- REQUIRED ACTION
Below are the records; copy every line in them that holds the string "bank".

** Opening PROVIDED INFORMATION block **

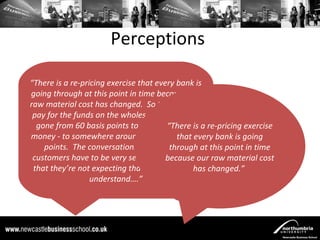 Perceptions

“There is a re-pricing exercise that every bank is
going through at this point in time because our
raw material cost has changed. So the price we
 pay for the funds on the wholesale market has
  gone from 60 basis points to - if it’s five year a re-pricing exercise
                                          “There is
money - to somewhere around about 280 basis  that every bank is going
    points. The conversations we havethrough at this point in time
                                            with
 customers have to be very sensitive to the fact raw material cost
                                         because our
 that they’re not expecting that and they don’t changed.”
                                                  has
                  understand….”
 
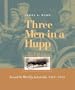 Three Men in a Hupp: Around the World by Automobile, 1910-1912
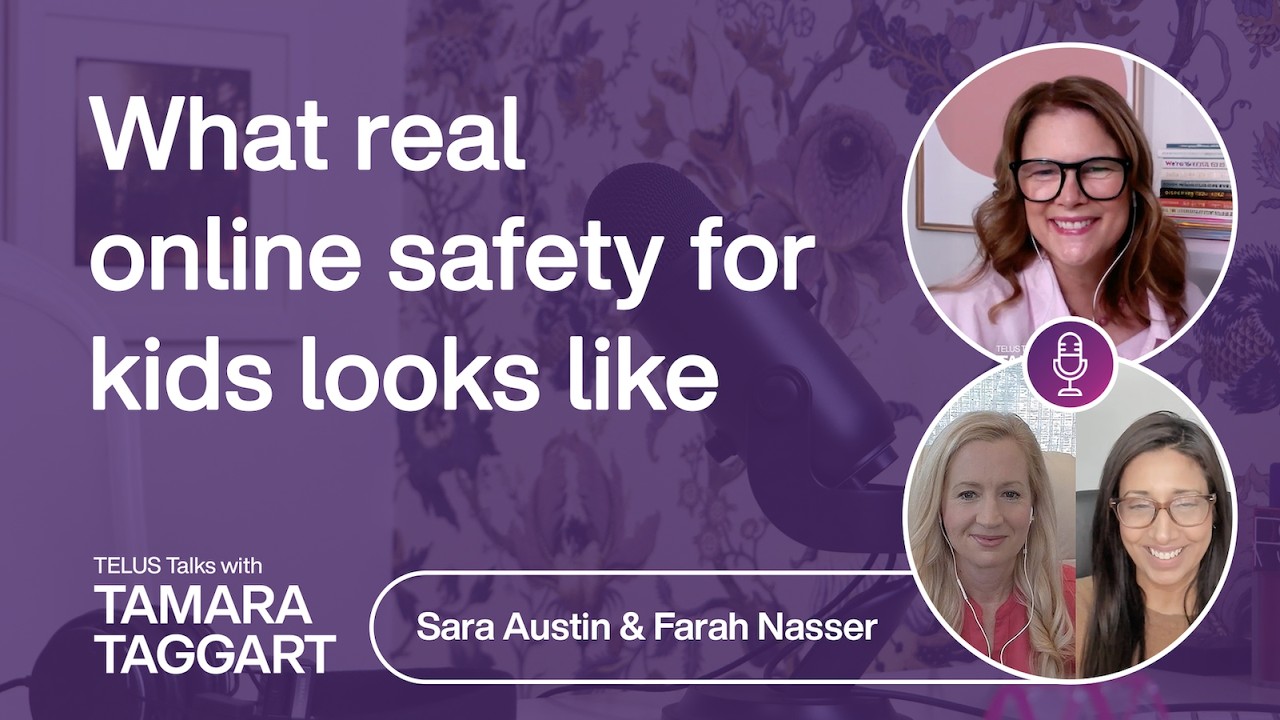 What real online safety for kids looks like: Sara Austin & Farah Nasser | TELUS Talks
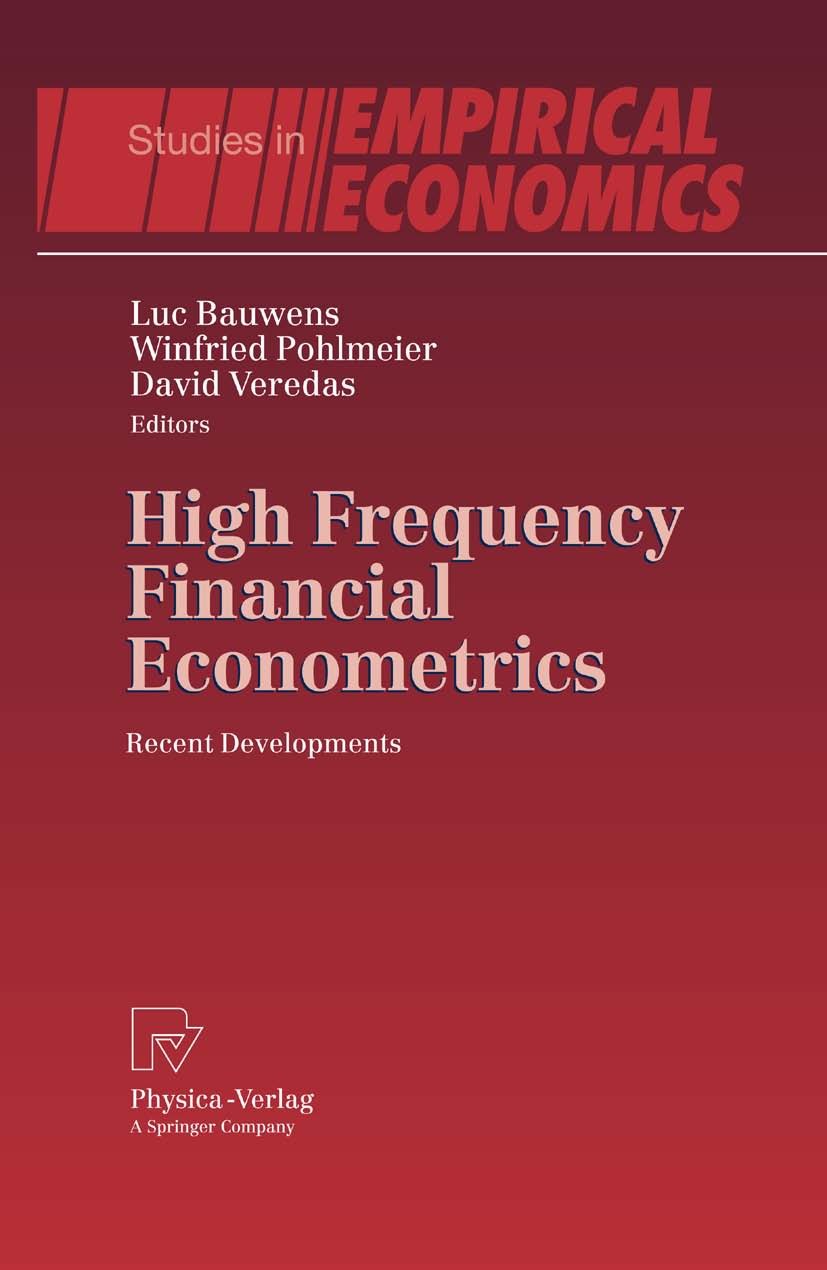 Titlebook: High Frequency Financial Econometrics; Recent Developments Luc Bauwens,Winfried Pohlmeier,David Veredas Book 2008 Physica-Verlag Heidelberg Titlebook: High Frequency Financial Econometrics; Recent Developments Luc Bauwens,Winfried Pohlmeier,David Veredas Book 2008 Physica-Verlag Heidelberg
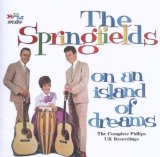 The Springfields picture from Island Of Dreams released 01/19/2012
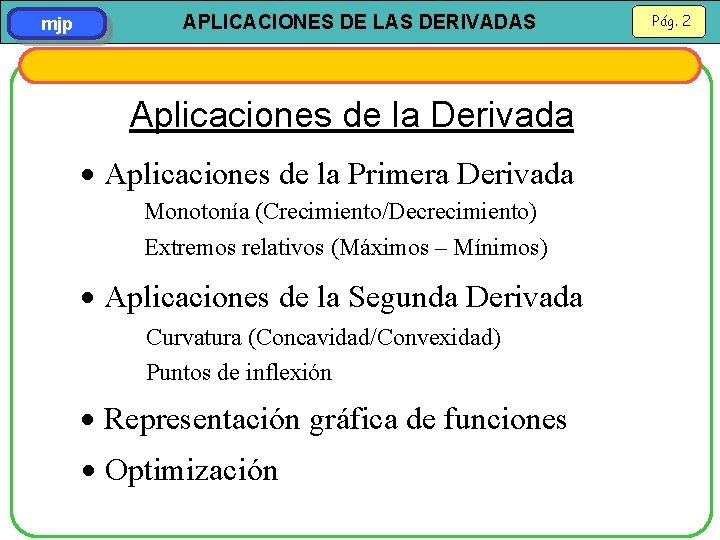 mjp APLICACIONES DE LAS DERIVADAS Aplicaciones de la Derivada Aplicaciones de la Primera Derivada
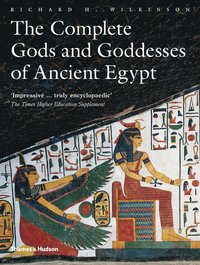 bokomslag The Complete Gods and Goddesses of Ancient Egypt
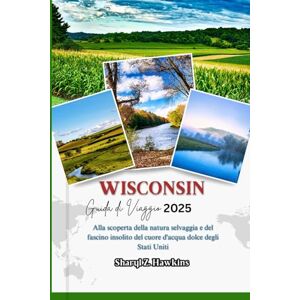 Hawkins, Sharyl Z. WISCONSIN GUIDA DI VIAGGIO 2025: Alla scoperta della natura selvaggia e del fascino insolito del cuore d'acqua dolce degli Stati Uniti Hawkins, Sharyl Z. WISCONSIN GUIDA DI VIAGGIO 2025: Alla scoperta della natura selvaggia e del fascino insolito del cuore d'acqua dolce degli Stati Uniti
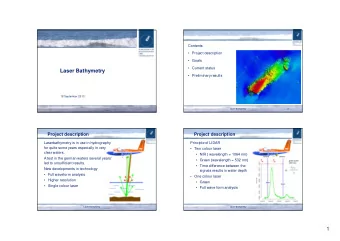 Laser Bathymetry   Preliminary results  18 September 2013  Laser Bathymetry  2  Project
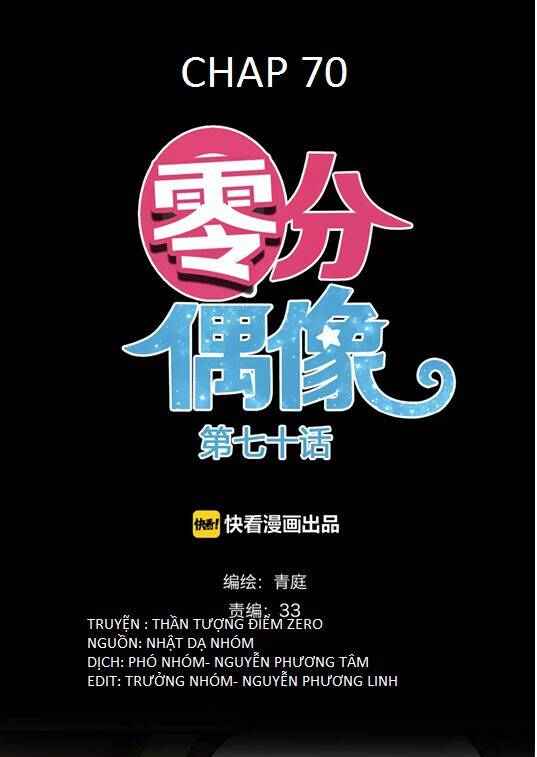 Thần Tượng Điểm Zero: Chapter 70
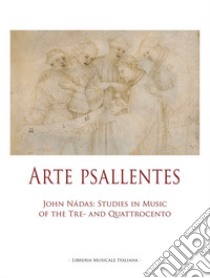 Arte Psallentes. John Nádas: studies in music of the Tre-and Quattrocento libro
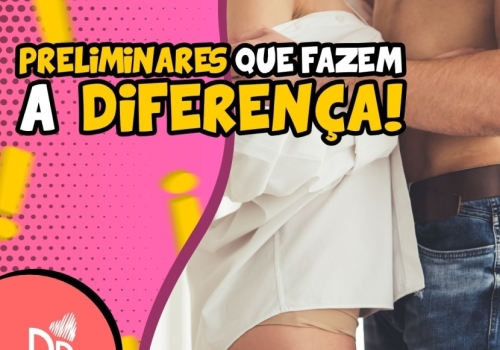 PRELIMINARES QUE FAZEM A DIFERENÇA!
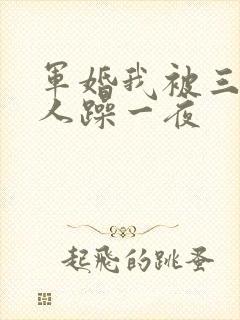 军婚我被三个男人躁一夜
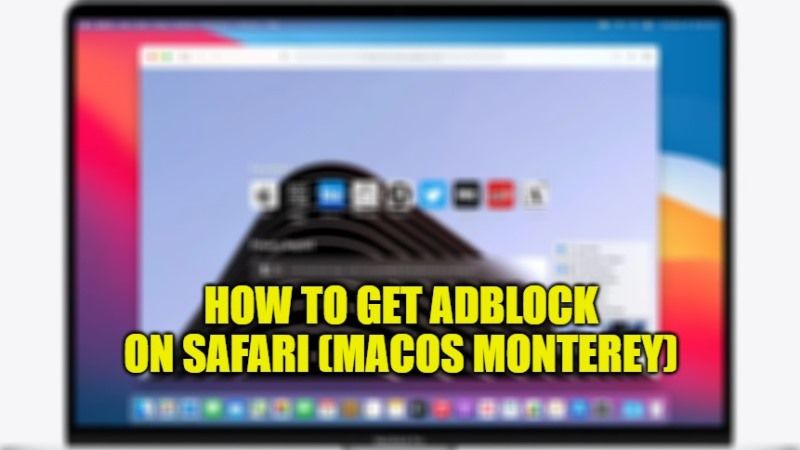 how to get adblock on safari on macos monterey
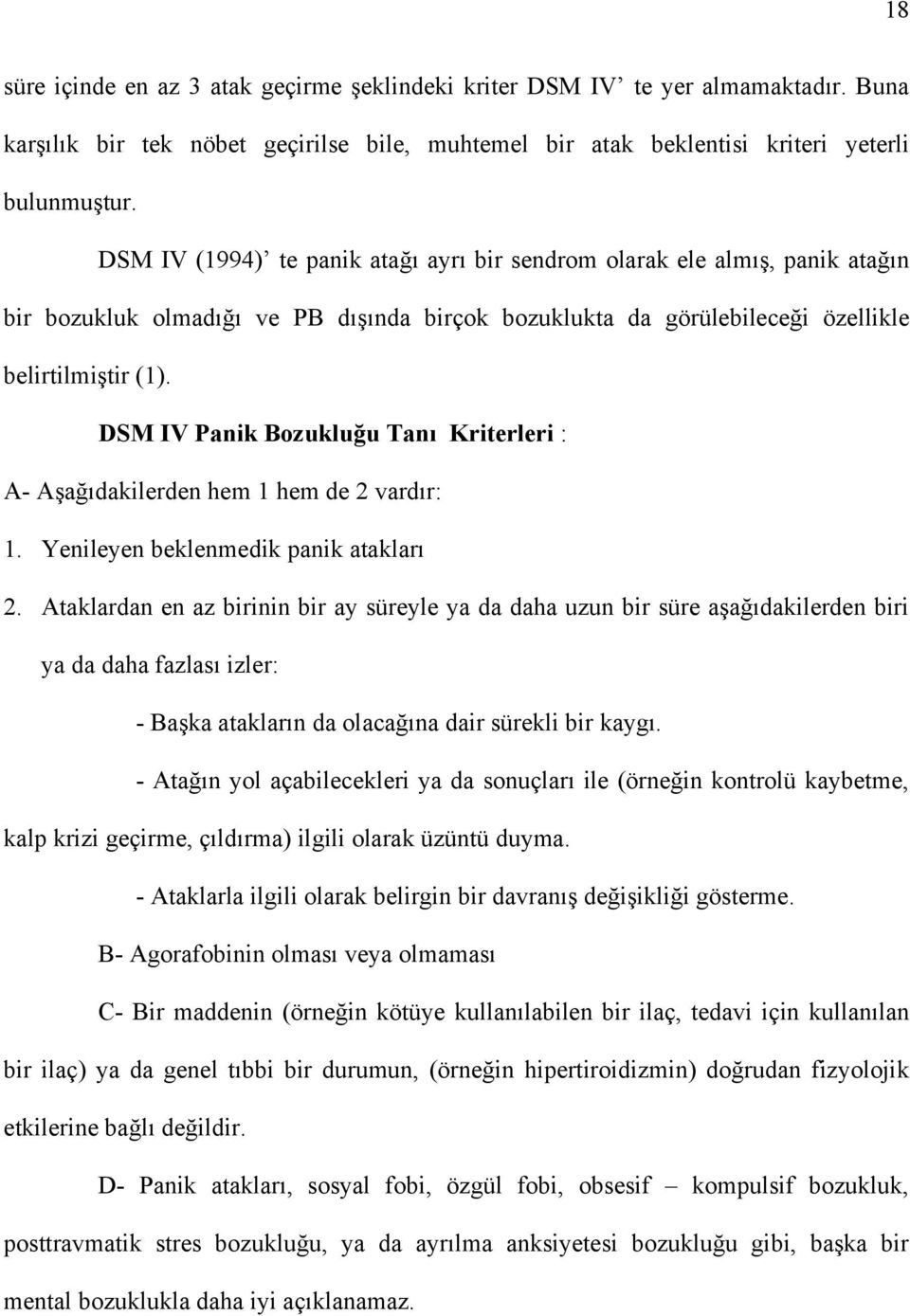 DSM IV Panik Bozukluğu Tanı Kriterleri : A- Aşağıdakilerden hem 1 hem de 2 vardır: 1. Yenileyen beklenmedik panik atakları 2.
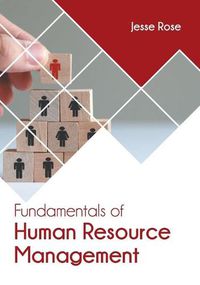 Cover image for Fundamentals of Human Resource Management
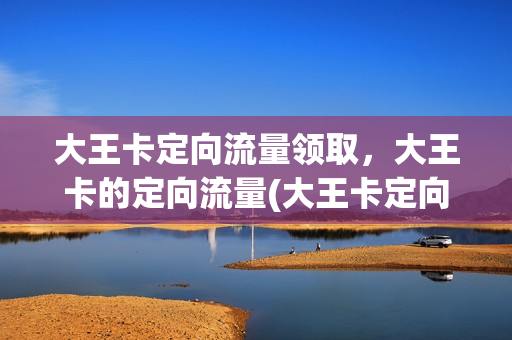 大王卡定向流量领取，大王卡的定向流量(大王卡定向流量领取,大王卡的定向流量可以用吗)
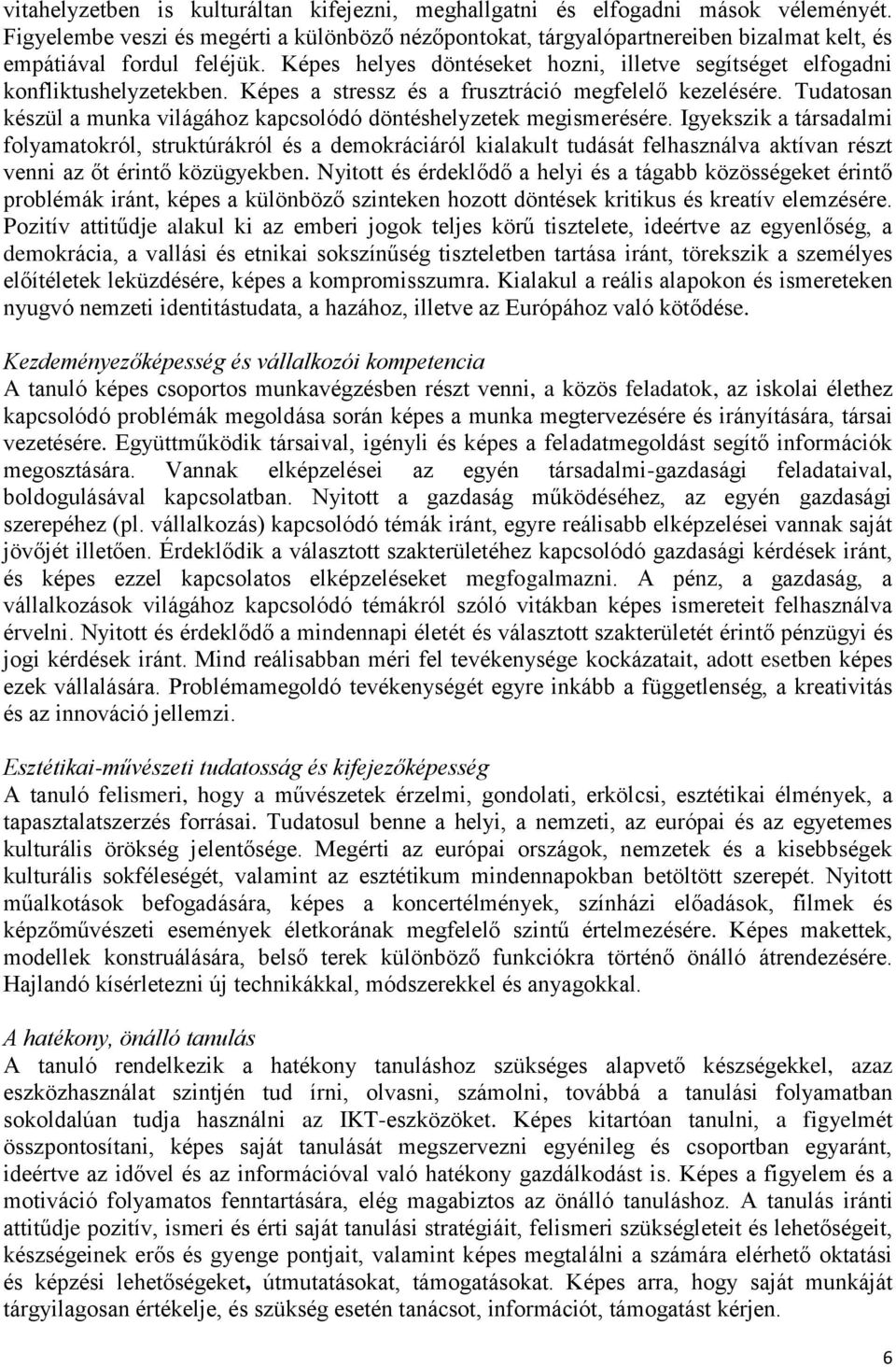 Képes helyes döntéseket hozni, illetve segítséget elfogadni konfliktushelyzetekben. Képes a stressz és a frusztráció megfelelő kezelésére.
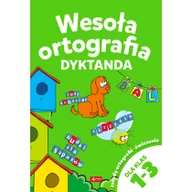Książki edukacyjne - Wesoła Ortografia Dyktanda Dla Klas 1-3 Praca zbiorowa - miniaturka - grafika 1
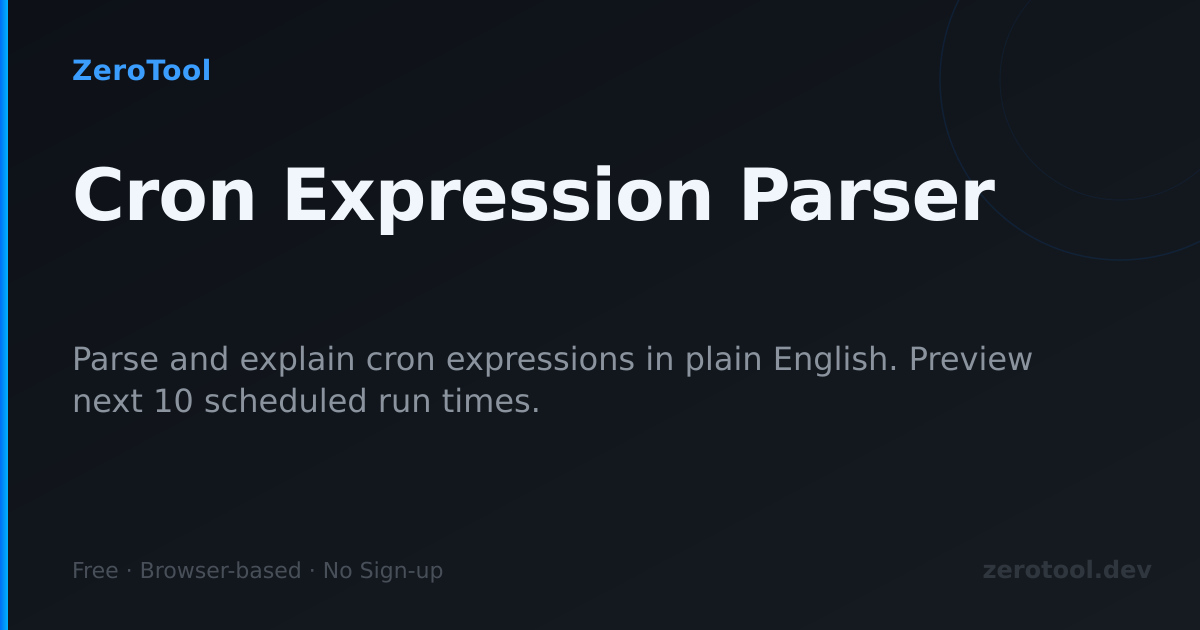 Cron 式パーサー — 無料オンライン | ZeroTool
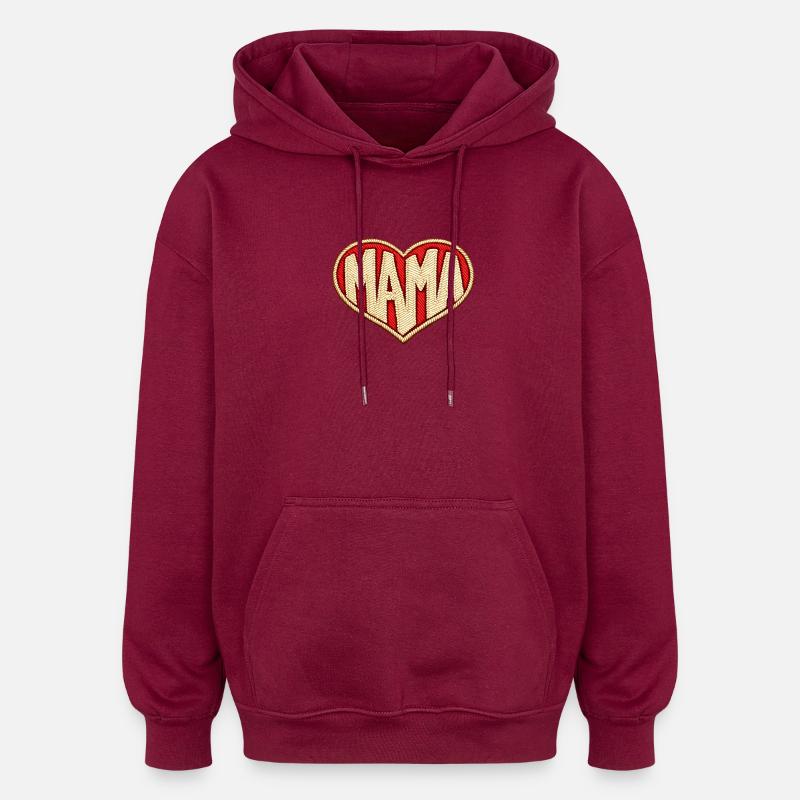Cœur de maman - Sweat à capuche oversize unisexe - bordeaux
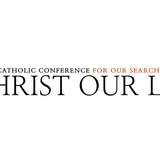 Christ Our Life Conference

** Closing PROVIDED INFORMATION block **

- REPLY TO THE EXERCISE
“There is a re-pricing exercise that every bank is
money - to somewhere around about 280 basis  that every bank is going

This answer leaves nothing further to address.